On my morning run today I had a chance to listen to this recent KQED Forum session with Sebastian Thrun (Udacity), Sal Khan (Khan Academy) and Anant Agarawal (MITx) sharing their thoughts and contributions to online learning.
The conversation opened with Ben Nelson sharing his plans for the Minerva Project, to offer an elite level university education fully online. He recently raised $25M in seed funding to address the issue that the demand for an ivy league style education vastly outstrips the supply and I wish he would’ve shared more of his perspective since he plans to charge students while the other 3 panelists offer their services for free.

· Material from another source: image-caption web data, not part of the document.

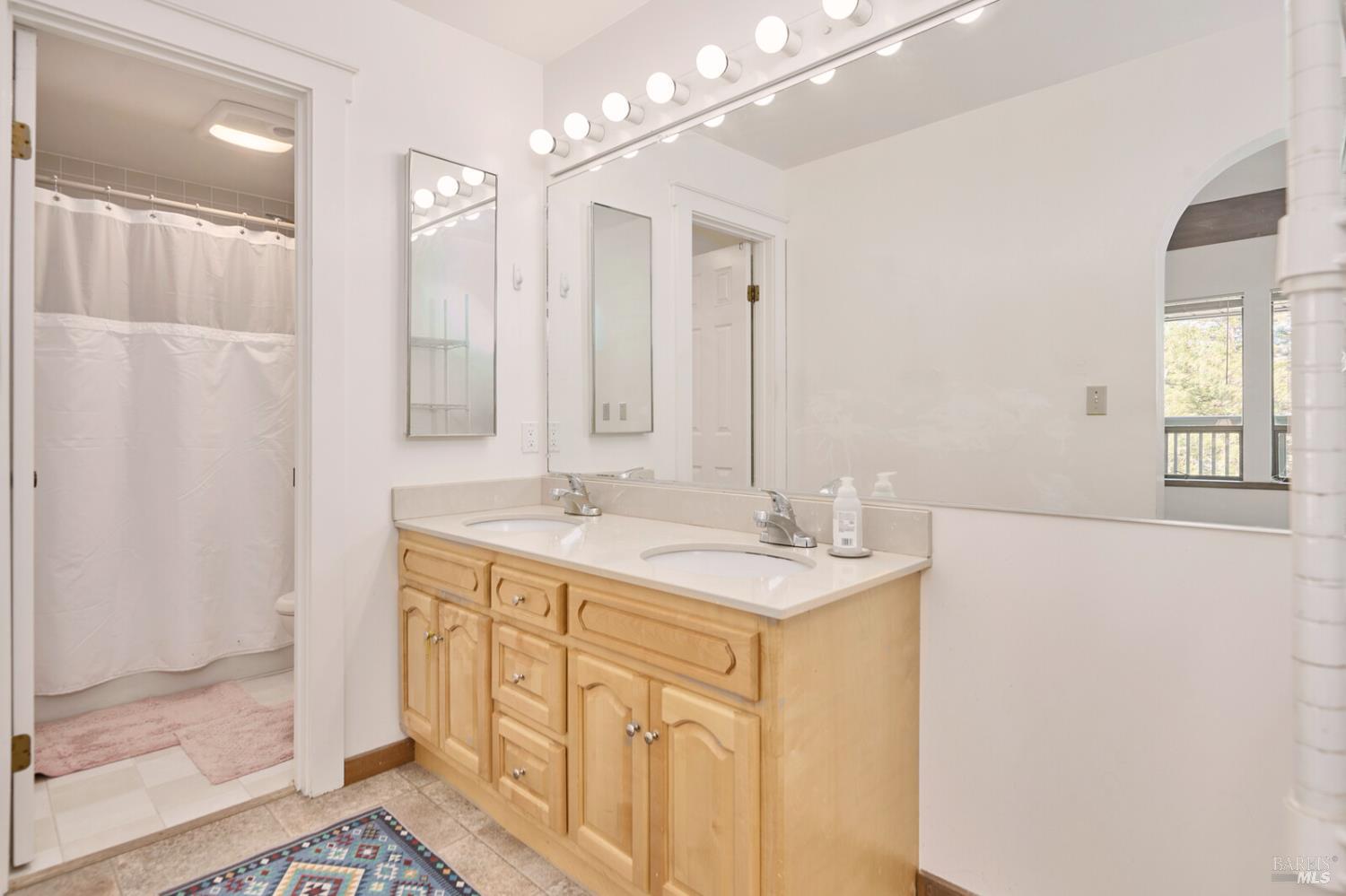 Detail Gallery Image 14 of 25 For 166 Professional Center Pkwy #166,  San Rafael,  CA 94903 - 3 Beds | 2/1 Baths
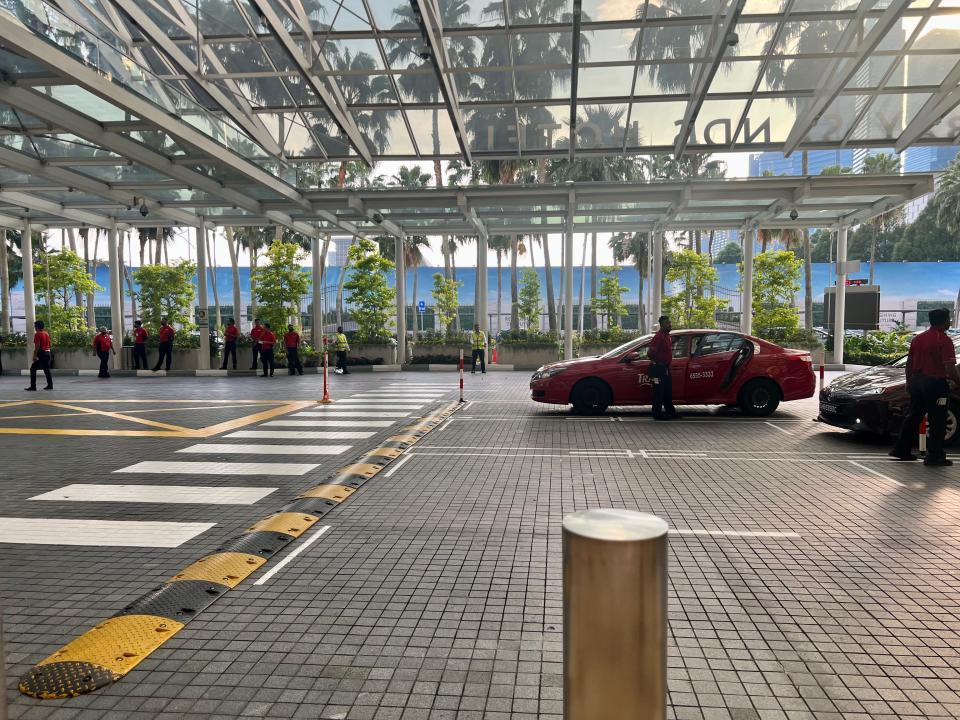 The car pick-up and drop-out outside the main lobby.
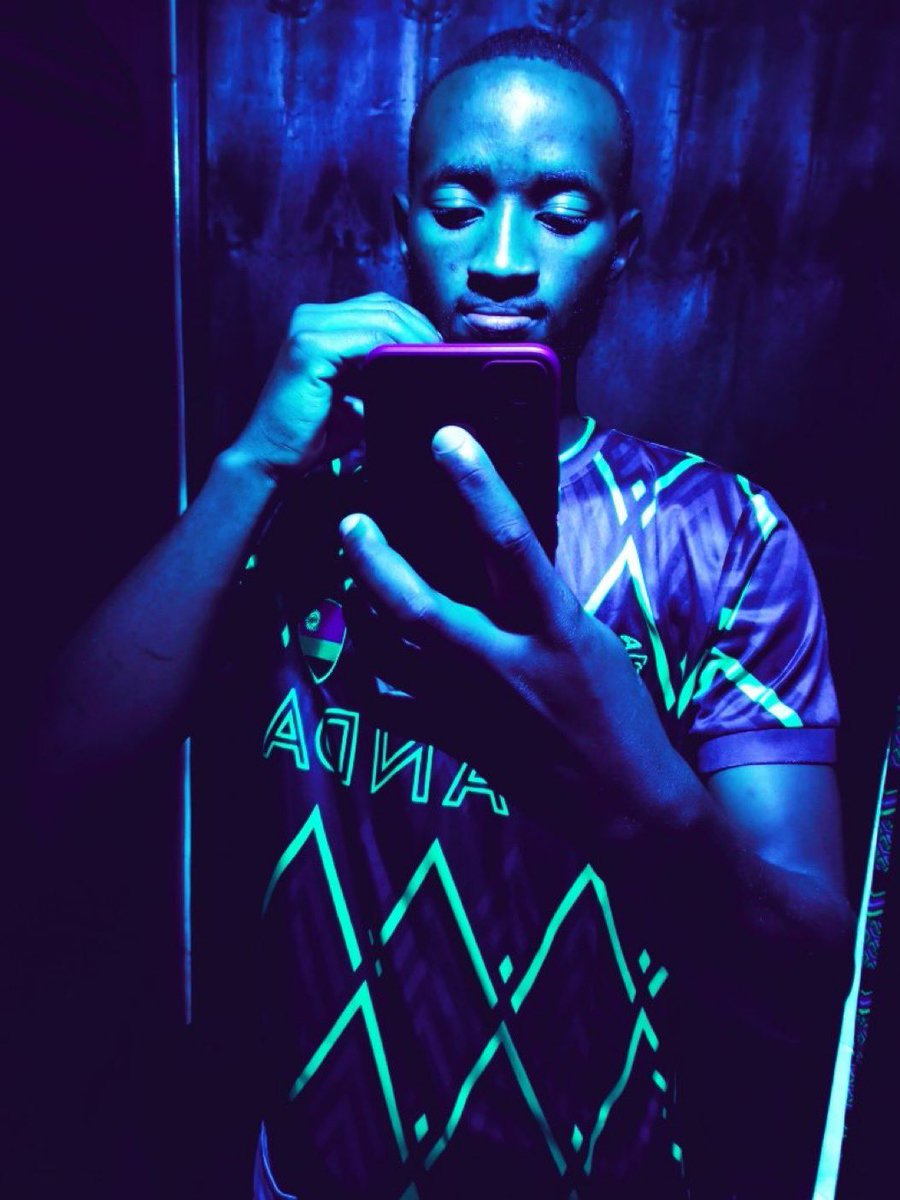 AlvinCoder's tweet image. Closing the code files and shutting down another year. 🚀🖥️ Reflecting on the lines of both code and life, each keystroke shaping a unique chapter. Here&apos;s to the syntax of memories and the algorithms of growth. 💻📸 #CodeAndCapture #YearEndReflections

It was an interesting discussion where the panelists clearly acknowledged that while their online courses have made a significant impact we are just in the beginning stages of figuring out the best way to deliver and measure online learning where the role of community and 1:1 interaction is still vitally important. In response to how the cost of a higher ed degree is rapidly increasing while its value as a signal of quality and ability to provide job security is decreasing, I appreciated Sal’s comment that we must deconstruct the key aspects of college: learning, credentialing and socializing in order to control quality and costs. There is huge value in each and we must optimize the delivery methods accordingly. Sebastian and Anant shared some valuable examples of how their students have organized both physical and virtual communities to support each other’s learning and how these new models for study groups reflect the teamwork and collaboration we should expect to see more of in the future workforce.
I am so pleased to see conversations like this taking place that go beyond simply bringing content online and are addressing the more complex issue of how to facilitate learning, maintain student engagement and foster community and peer interactions in an online environment. While the discussion was focused on higher education I think, as Khan Academy has demonstrated, this work has broader implications for learning at all levels.